I accidentally Blender VSE

Posted on Feb 6, 2024

#blender #code #performance

Two months ago I started to contribute a bit of code to Blender’s Video Sequence Editor (VSE). Did you know that Blender has a suite of video editing tools? Yeah, me neither :) Even the feature page for it on the website looks… a bit empty lol.

Do I know anything at all about video editing, timelines, sequencers, color grading, ffmpeg, audio mixing and so on? Of course not! So naturally, that means I should start to tinker with it.

Wait what?

How does one accidentally start working on VSE?

You do that because you decide to check out Unity’s Unite 2023 conference in Amsterdam, and to visit some friends. For a spare half-a-day after the conference, you decide to check out Blender HQ. There, Francesco and Sergey, for some reason, ask you whether you’d like to contribute to VSE, and against your better judgement, you say “maybe?”.
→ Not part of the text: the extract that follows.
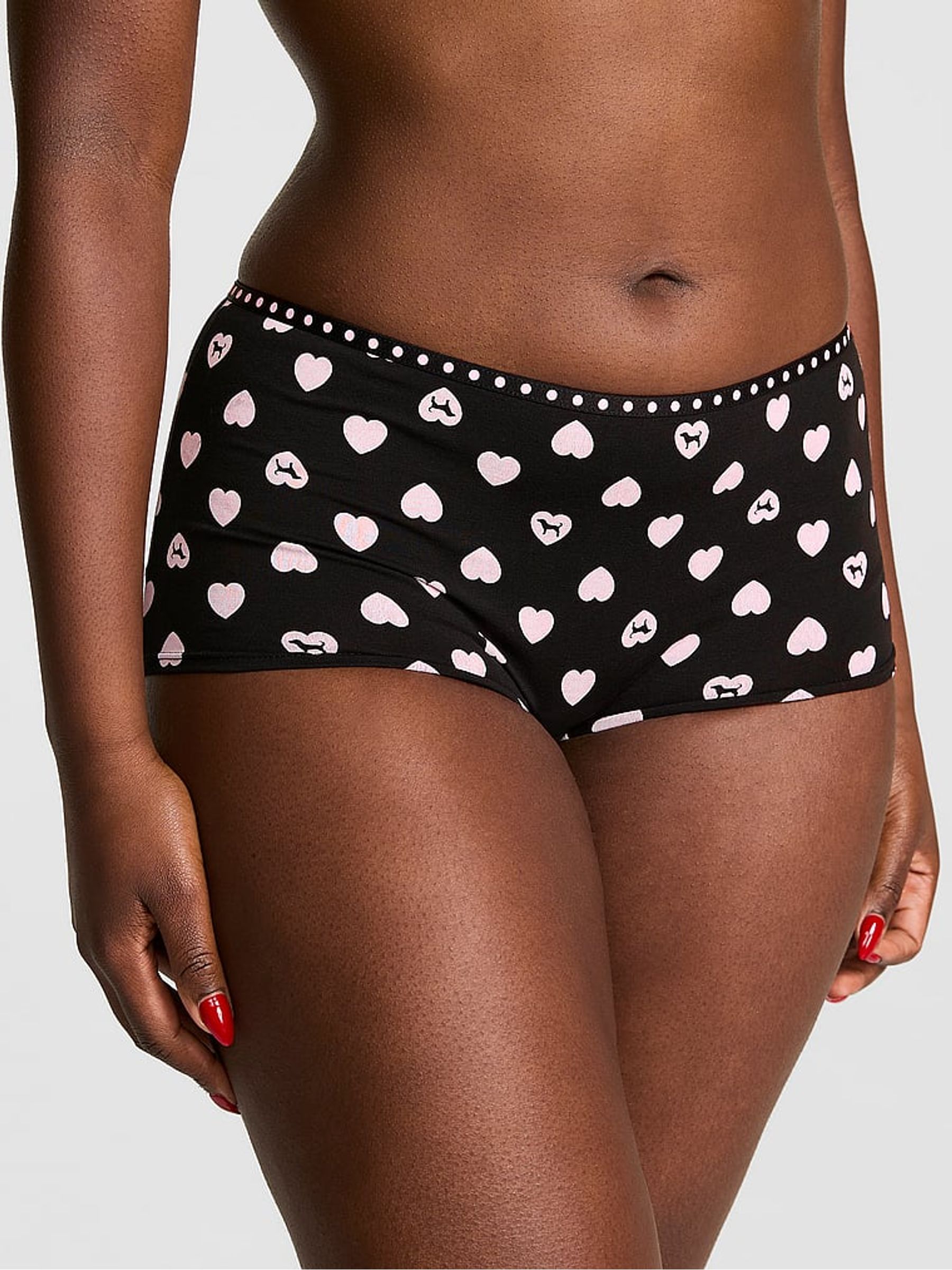 Black Heart Dog Print Short Cotton Mini Logo Knickers - Image 1 of 2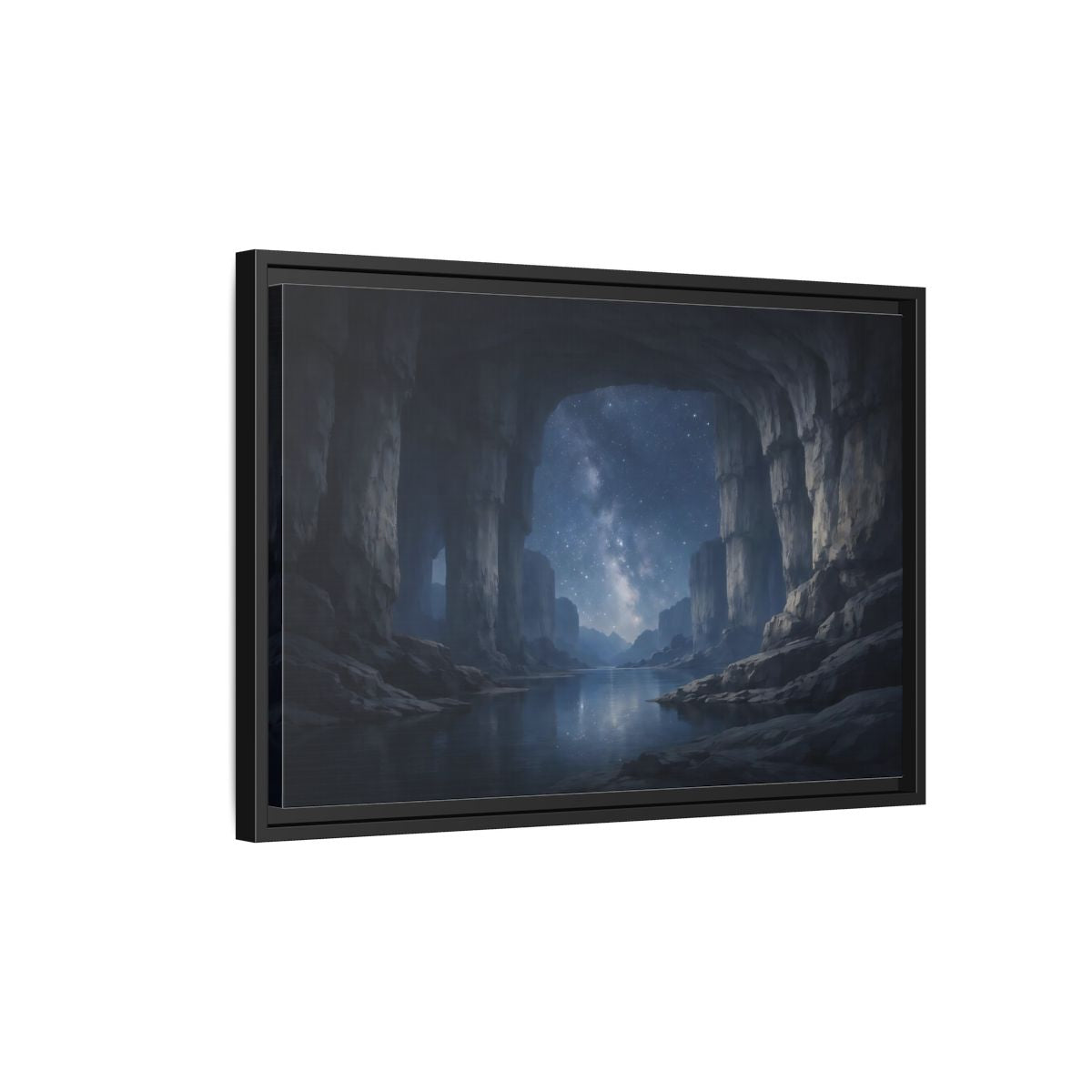 Side Mockup 3. Nature Starry Cave Blue And Gray shown as stretched canvas wall art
So that’s how. And then it feels pretty much like this:

I started to tinker with it, mostly trying to do random “easy” things. By easy, I mean performance optimizations. Since, unless the code complexicates a lot, they are hard to argue against. “Here, this thing is 2x faster now”, in most places everyone will react with “oh nice!”. Hopefully.

So, two months of kinda-partime tinkering in this area that I did not even know existed before, and Blender VSE got a small set of improvements for upcoming Blender 4.1 (which just became beta and can be downloaded from usual daily builds). Here they are:

Snappier Timeline drawing

VSE timeline is the bottom part of the image above. Here it is zoomed out into the complete Sprite Fright edit project, with about 3000 “strips” visible at once. Just scrolling and panning around in that timeline was updating the user interface at ~15 frames per second.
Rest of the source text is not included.